The value we’re offering to the developer community is empowerment: we are confident that Intel® Architecture already provides the best computational resources available for the breadth of ML/DL tasks.
How does it work?¶
The nGraph Core uses a strongly-typed and platform-neutral Intermediate Representation to construct a “stateless” graph. Each node, or op, in the graph corresponds to one step in a computation, where each step produces zero or more tensor outputs from zero or more tensor inputs.
How do I connect a framework?¶
The nGraph Library manages framework bridges for some of the more widely-known frameworks. A bridge acts as an intermediary between the nGraph core and the framework, and the result is a function that can be compiled from a framework. A fully-compiled function that makes use of bridge code thus becomes a “function graph”, or what we sometimes call an nGraph graph.
Low-level nGraph APIs are not accessible dynamically via bridge code; this is the nature of stateless graphs. However, do note that a graph with a “saved” checkpoint can be “continued” to run from a previously-applied checkpoint, or it can loaded as static graph for further inspection.

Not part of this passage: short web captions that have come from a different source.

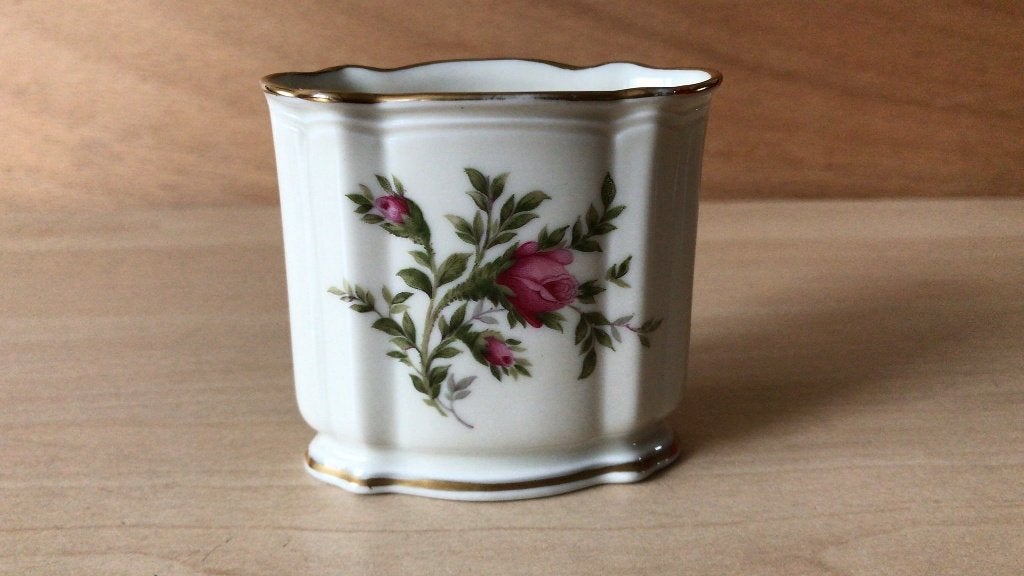 Oud klein Lepelvaasje / Sigarethouder Rosentahl 6 cm, Antiek en Kunst, Ophalen of Verzenden
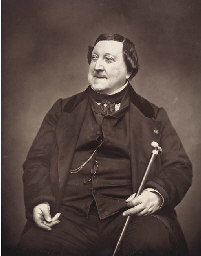 Gioachino Rossini de la Galerie Contemporaine by Etienne Carjat, 1862, printed circa 1877-1878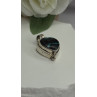 925 Sterling Silver Heart Locket Malachite Pendant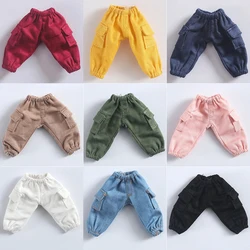 Ob11 Clothes 1/12 Bjd Doll Accessories Overalls Pant Doll Trousers For Nendoroids, Penny, Ymy, Molly,Gsc,Obitsu 11,Body9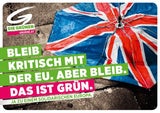 Grüne mit Pro-Europa-Plakaten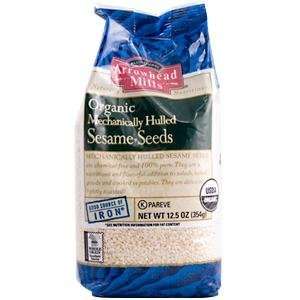 Organic Mechanically Hulled Sesame Seeds, 12.5 oz (354 g)  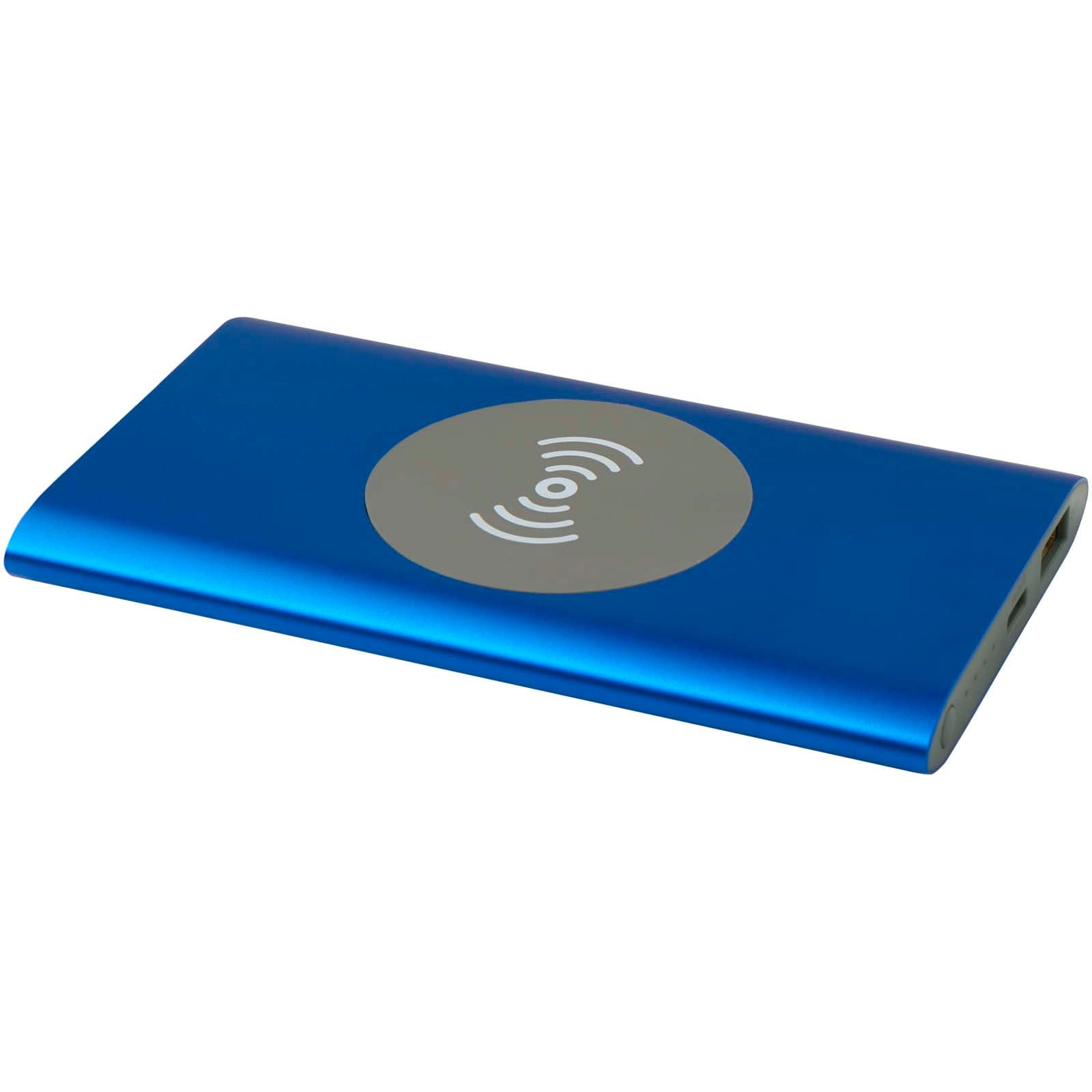 Batterie de secours sans fil en aluminium recyclé Juice type-C de 4 000 mAh  coloris Bleu roi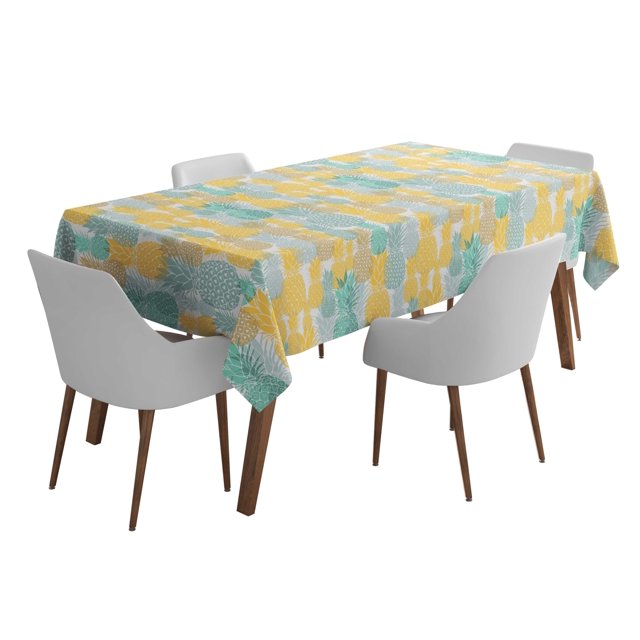 Vargottam Indoor/OutdoorTablecloth58x120 InchRectangleTablecloth Waterproof PatioTableCloths- Spring/SummerTableCovers for Backyard RectangularTable/BBQs/Picnic -Multicolor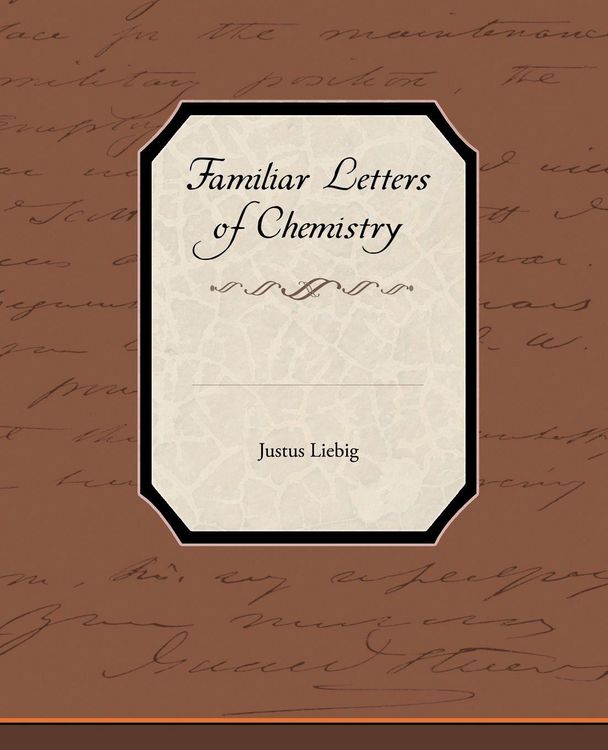 Produktbild: Familiar Letters of Chemistry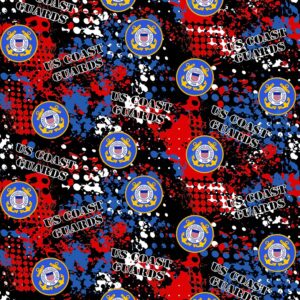 Military Coast Guard Logo Fabric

For a more detailed dive into how custom bridge code can be implemented, see our documentation on how to Execute a computation. To learn how TensorFlow and MXNet currently make use of custom bridge code, see the section on Integrate Supported Frameworks.
Given that we have no way to predict how many other frameworks designed around model, workload, or framework-specific purposes there may be, it would be impossible for us to create bridges for every framework that currently exists (or that will exist in the future). Although we only support a few frameworks, we provide documentation to help developers and engineers figure out how to get custom solutions working, such as for edge cases.
|Framework||Bridge Available?||ONNX Support?|
|Other||Write your own||Custom|
How do I run an inference model?¶
Framework bridge code is not the only way to connect a model (function graph) to nGraph’s About Core Ops. We’ve also built an importer for models that have been exported from a framework and saved as serialized file, such as ONNX. To learn how to convert such serialized files to an nGraph model, please see the Import a model documentation.